_Data under study_:
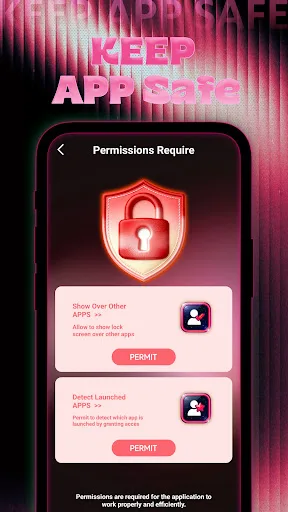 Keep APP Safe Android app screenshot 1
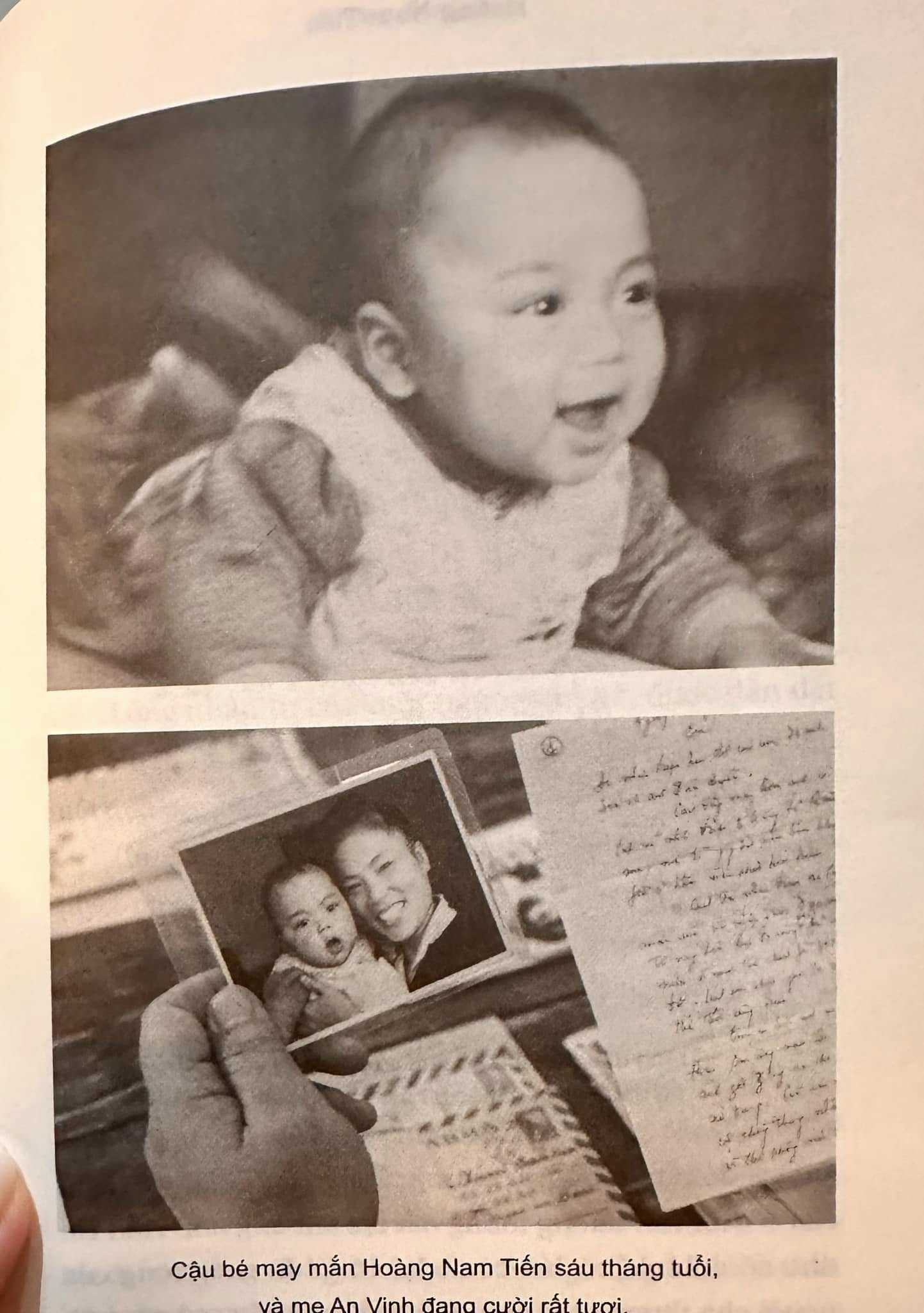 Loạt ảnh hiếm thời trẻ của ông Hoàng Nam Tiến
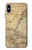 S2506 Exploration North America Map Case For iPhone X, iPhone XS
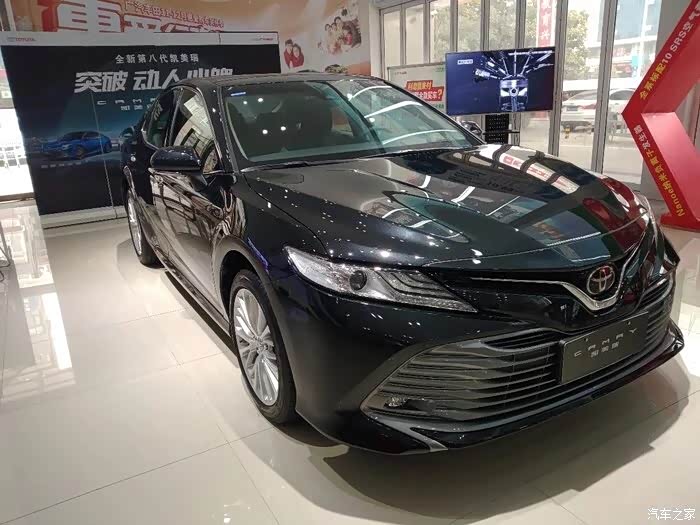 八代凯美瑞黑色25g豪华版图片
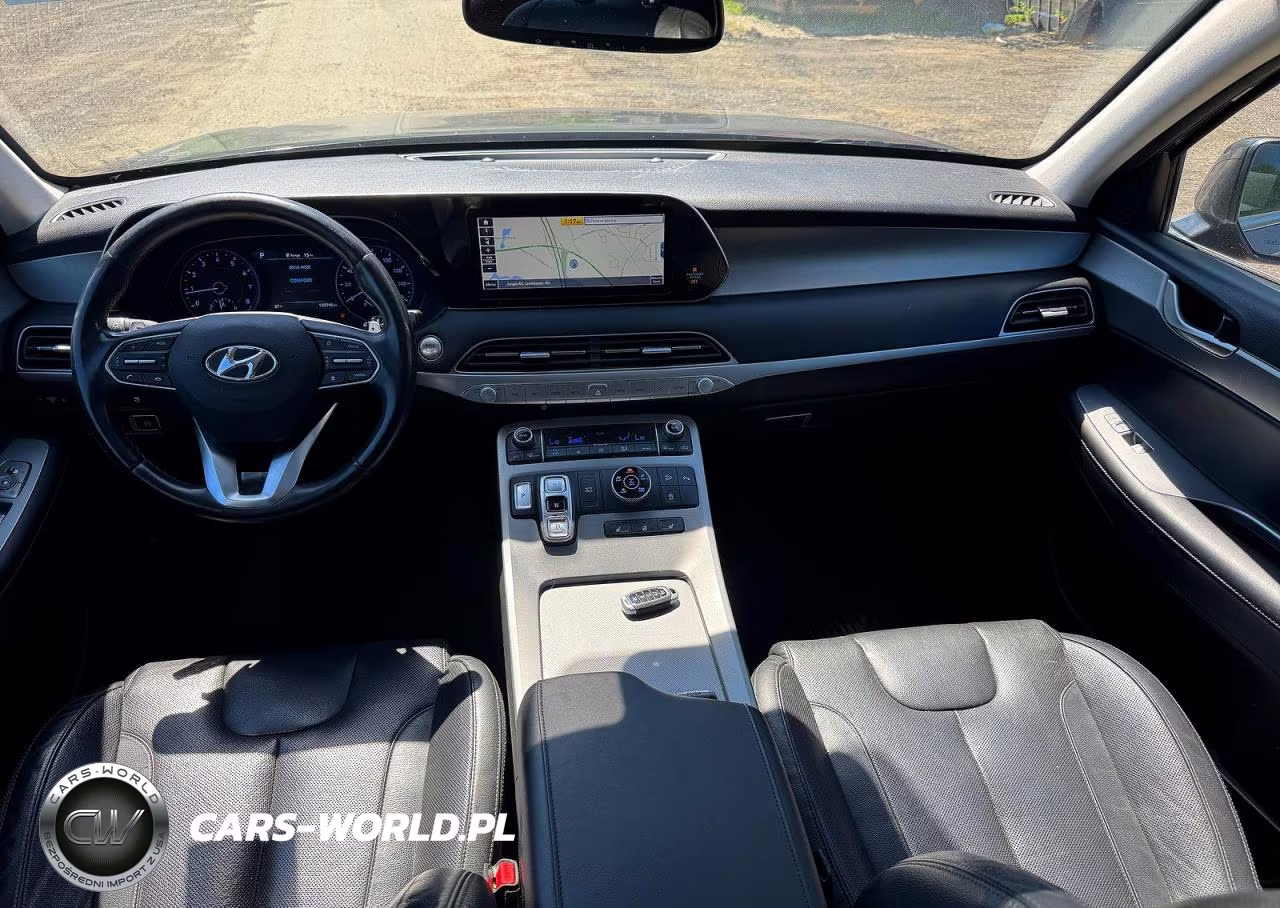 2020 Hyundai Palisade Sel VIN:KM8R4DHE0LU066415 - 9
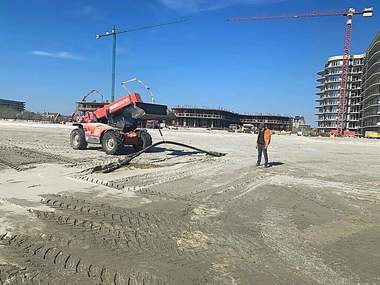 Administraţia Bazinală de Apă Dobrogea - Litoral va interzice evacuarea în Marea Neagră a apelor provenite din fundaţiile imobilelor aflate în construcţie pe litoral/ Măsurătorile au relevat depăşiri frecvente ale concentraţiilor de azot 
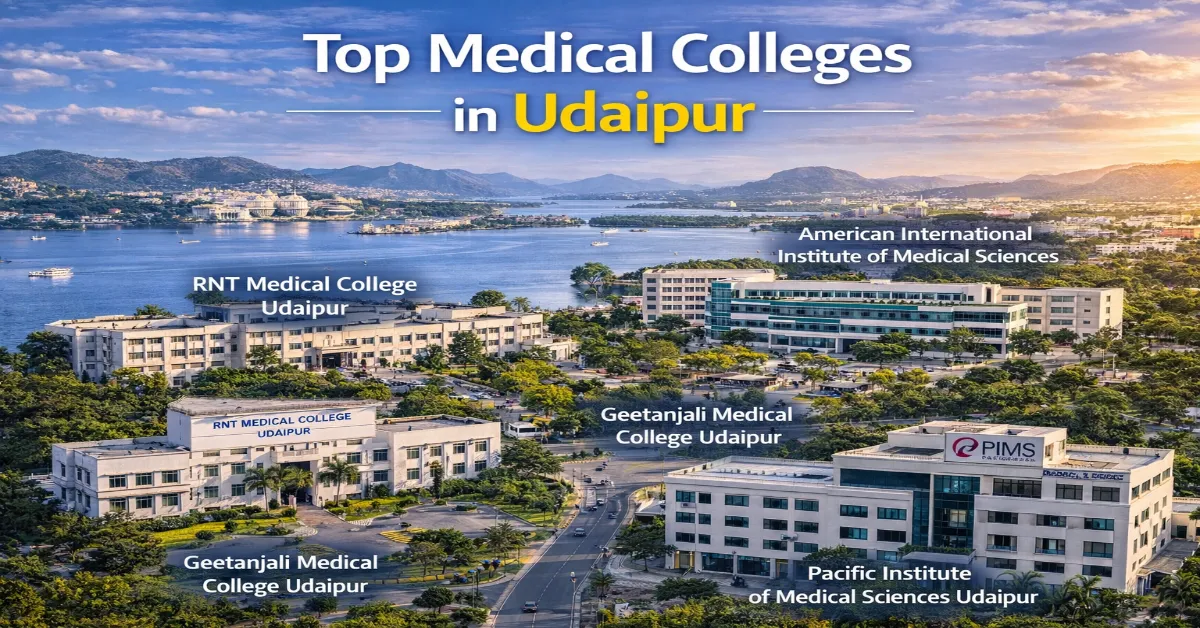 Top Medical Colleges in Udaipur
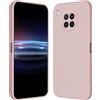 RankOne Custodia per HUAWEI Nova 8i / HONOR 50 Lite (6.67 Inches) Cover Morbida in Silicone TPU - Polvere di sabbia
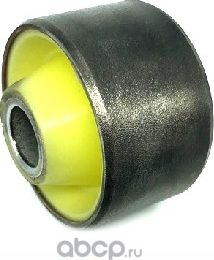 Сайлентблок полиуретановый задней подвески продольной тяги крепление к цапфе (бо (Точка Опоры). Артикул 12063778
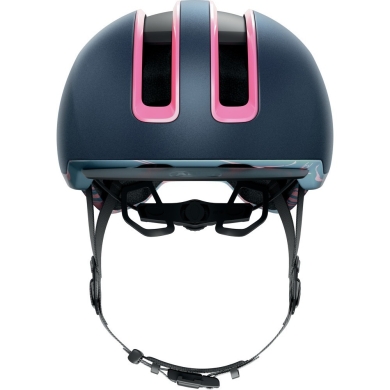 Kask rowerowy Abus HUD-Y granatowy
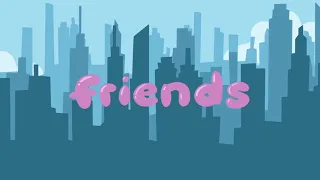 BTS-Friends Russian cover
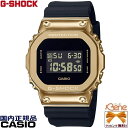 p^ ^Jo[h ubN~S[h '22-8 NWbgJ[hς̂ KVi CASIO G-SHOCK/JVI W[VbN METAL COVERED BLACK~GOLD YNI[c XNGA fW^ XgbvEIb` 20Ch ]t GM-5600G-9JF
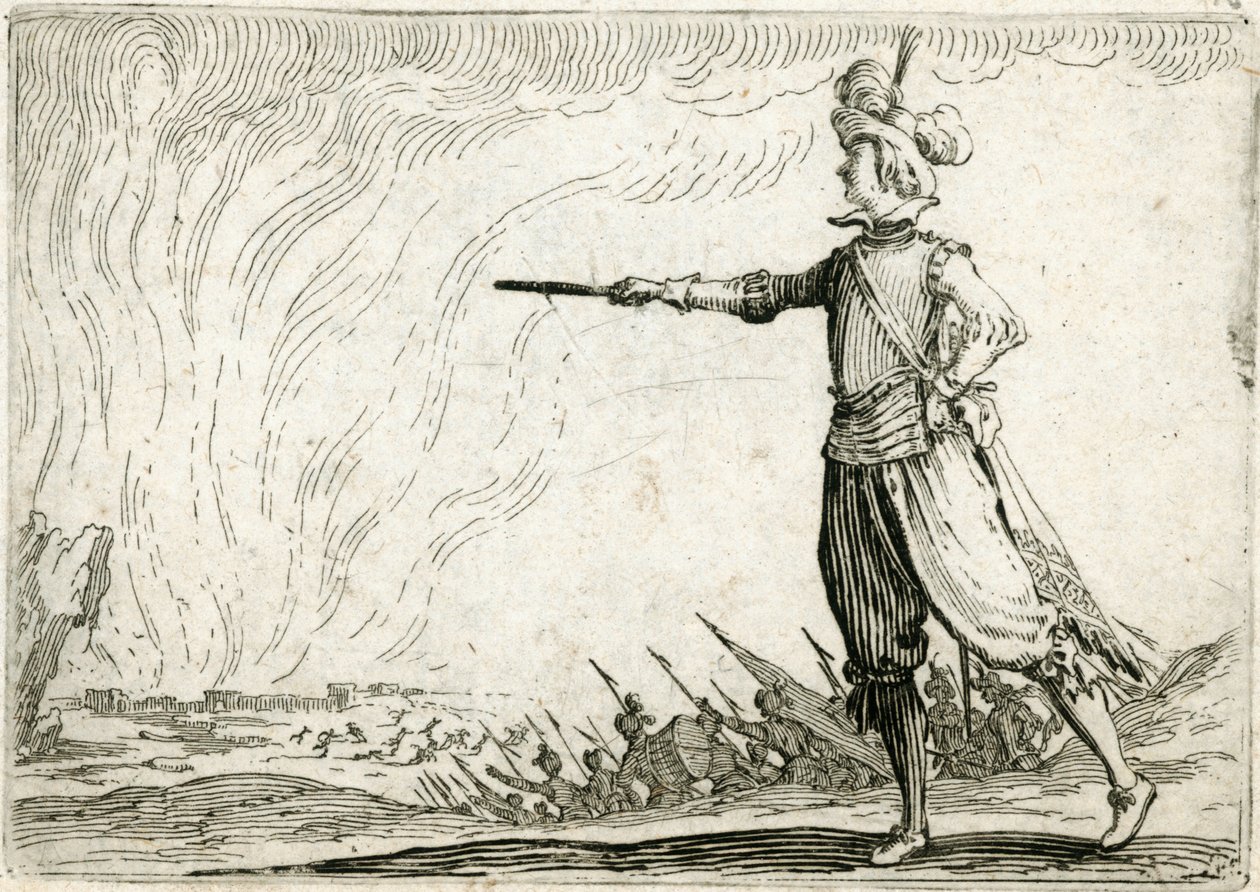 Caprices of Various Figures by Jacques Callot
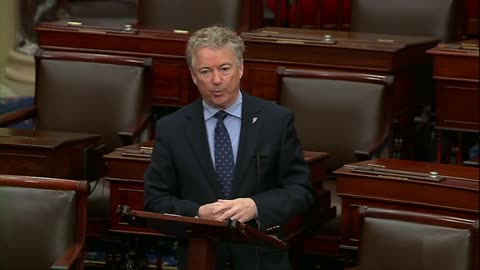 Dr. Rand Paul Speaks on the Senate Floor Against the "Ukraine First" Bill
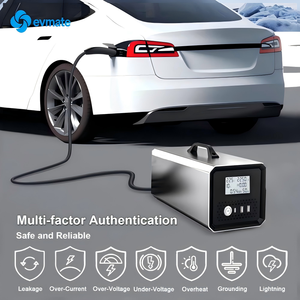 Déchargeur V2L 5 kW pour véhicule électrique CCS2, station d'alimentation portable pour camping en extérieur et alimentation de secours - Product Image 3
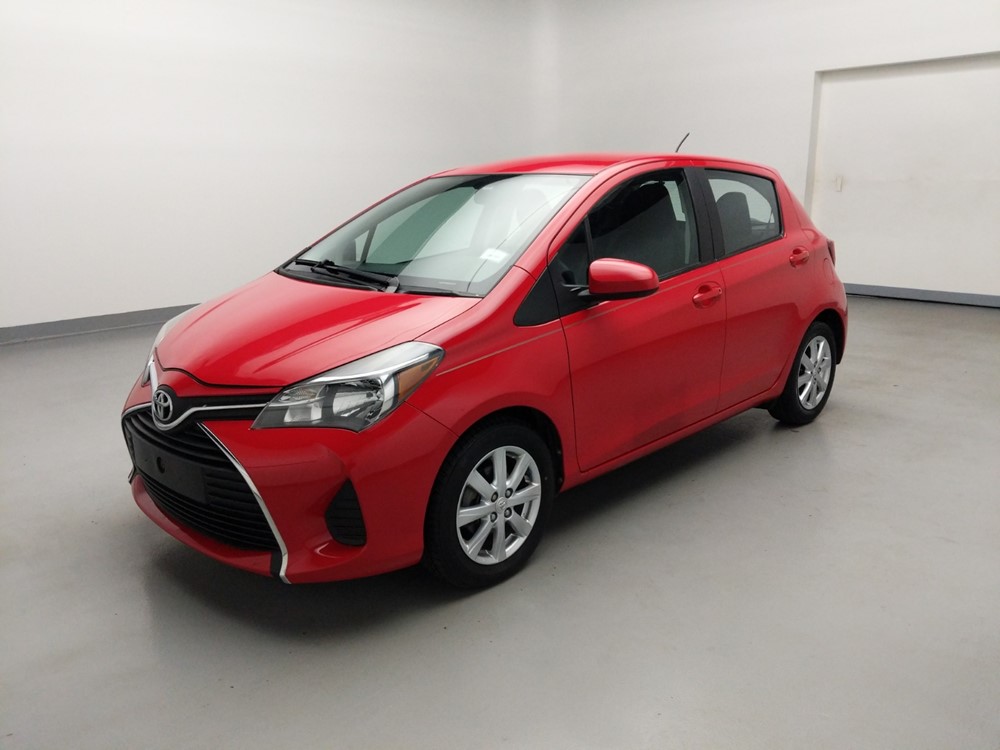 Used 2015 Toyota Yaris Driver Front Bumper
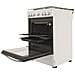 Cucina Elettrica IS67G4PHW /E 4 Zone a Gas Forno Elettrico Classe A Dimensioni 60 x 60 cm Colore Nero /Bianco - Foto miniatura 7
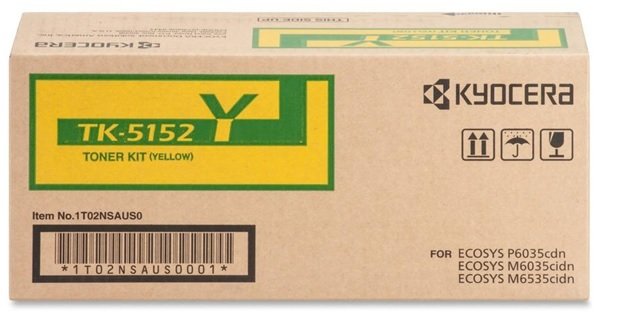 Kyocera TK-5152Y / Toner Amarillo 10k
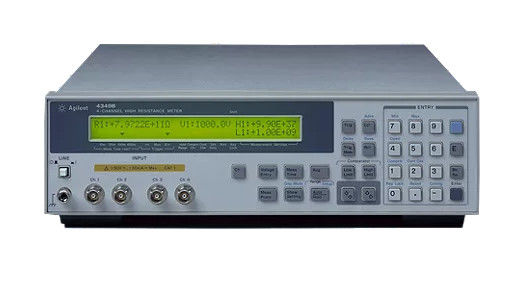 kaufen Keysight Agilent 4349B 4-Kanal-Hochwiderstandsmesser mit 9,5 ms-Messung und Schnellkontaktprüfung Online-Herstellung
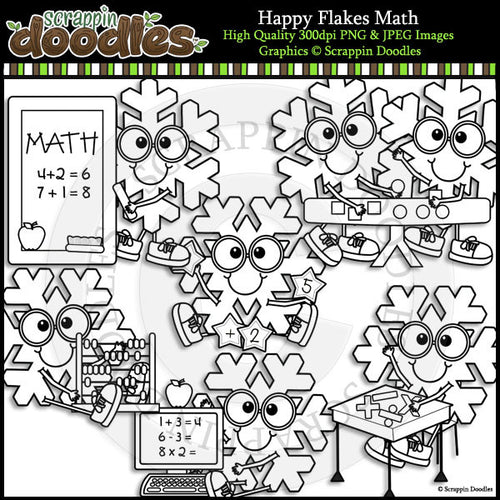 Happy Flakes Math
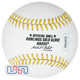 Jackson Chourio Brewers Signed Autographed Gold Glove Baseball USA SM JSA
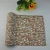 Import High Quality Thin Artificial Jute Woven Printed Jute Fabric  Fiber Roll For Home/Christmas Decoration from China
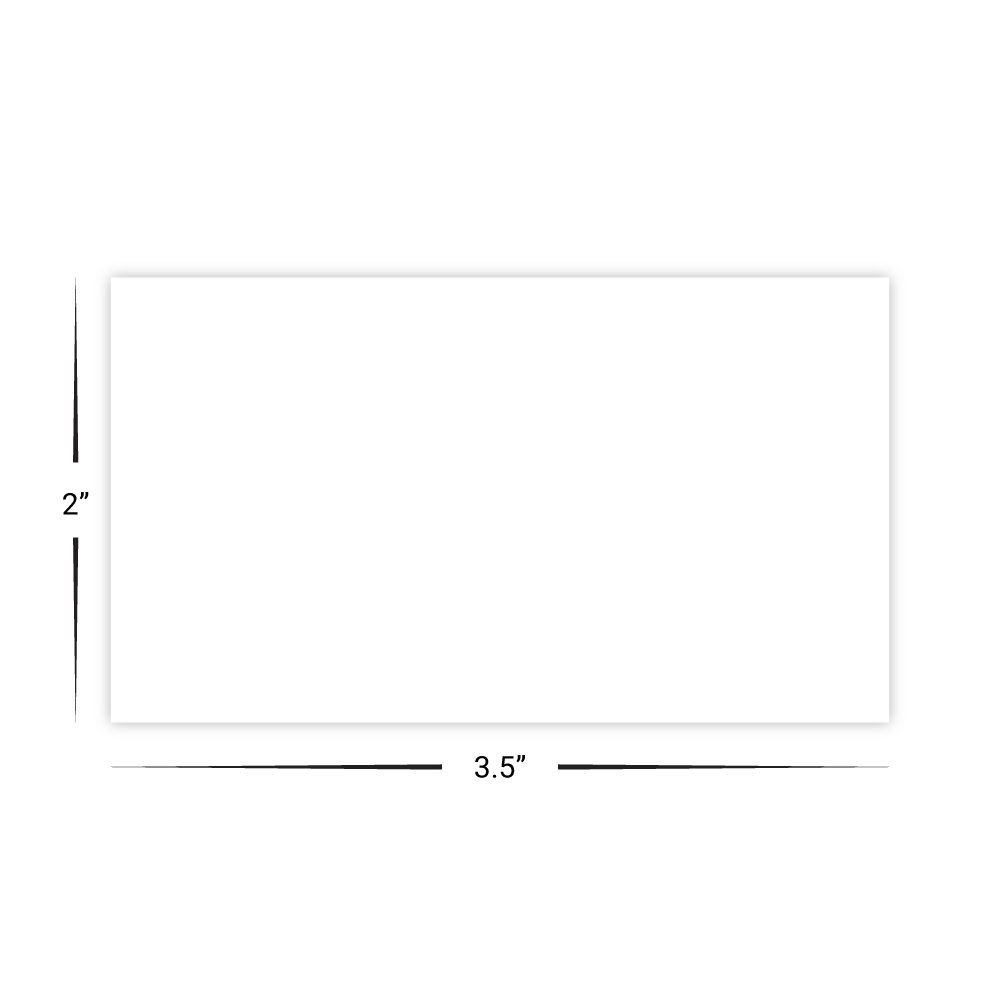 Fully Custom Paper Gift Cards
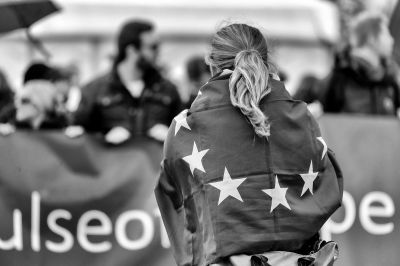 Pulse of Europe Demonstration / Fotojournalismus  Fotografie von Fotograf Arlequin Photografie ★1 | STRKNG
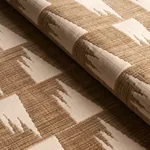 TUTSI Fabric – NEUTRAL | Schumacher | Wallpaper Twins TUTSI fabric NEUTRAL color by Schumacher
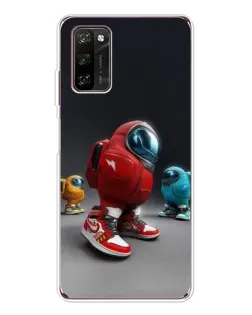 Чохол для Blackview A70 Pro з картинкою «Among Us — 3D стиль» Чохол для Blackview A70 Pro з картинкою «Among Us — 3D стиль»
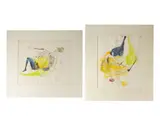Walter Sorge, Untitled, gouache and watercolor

_What to work on_:
Repeat each line of the material exactly, please, and skip every picture.

_Exercise result_:
 Keep APP Safe Android app screenshot 1
 Loạt ảnh hiếm thời trẻ của ông Hoàng Nam Tiến
 S2506 Exploration North America Map Case For iPhone X, iPhone XS
 八代凯美瑞黑色25g豪华版图片
 2020 Hyundai Palisade Sel VIN:KM8R4DHE0LU066415 - 9
 Administraţia Bazinală de Apă Dobrogea - Litoral va interzice evacuarea în Marea Neagră a apelor provenite din fundaţiile imobilelor aflate în construcţie pe litoral/ Măsurătorile au relevat depăşiri frecvente ale concentraţiilor de azot 
 Top Medical Colleges in Udaipur
 RankOne Custodia per HUAWEI Nova 8i / HONOR 50 Lite (6.67 Inches) Cover Morbida in Silicone TPU - Polvere di sabbia
 Сайлентблок полиуретановый задней подвески продольной тяги крепление к цапфе (бо (Точка Опоры). Артикул 12063778
 Kask rowerowy Abus HUD-Y granatowy
 BTS-Friends Russian cover
 p^ ^Jo[h ubN~S[h '22-8 NWbgJ[hς̂ KVi CASIO G-SHOCK/JVI W[VbN METAL COVERED BLACK~GOLD YNI[c XNGA fW^ XgbvEIb` 20Ch ]t GM-5600G-9JF
 Caprices of Various Figures by Jacques Callot
 Dr. Rand Paul Speaks on the Senate Floor Against the "Ukraine First" Bill
 Déchargeur V2L 5 kW pour véhicule électrique CCS2, station d'alimentation portable pour camping en extérieur et alimentation de secours - Product Image 3
 Used 2015 Toyota Yaris Driver Front Bumper
 Cucina Elettrica IS67G4PHW /E 4 Zone a Gas Forno Elettrico Classe A Dimensioni 60 x 60 cm Colore Nero /Bianco - Foto miniatura 7
 Kyocera TK-5152Y / Toner Amarillo 10k
 kaufen Keysight Agilent 4349B 4-Kanal-Hochwiderstandsmesser mit 9,5 ms-Messung und Schnellkontaktprüfung Online-Herstellung
 Happy Flakes Math
 Jackson Chourio Brewers Signed Autographed Gold Glove Baseball USA SM JSA
 Import High Quality Thin Artificial Jute Woven Printed Jute Fabric  Fiber Roll For Home/Christmas Decoration from China
 Fully Custom Paper Gift Cards
 Pulse of Europe Demonstration / Fotojournalismus  Fotografie von Fotograf Arlequin Photografie ★1 | STRKNG
 TUTSI Fabric – NEUTRAL | Schumacher | Wallpaper Twins TUTSI fabric NEUTRAL color by Schumacher
 Чохол для Blackview A70 Pro з картинкою «Among Us — 3D стиль» Чохол для Blackview A70 Pro з картинкою «Among Us — 3D стиль»
Walter Sorge, Untitled, gouache and watercolor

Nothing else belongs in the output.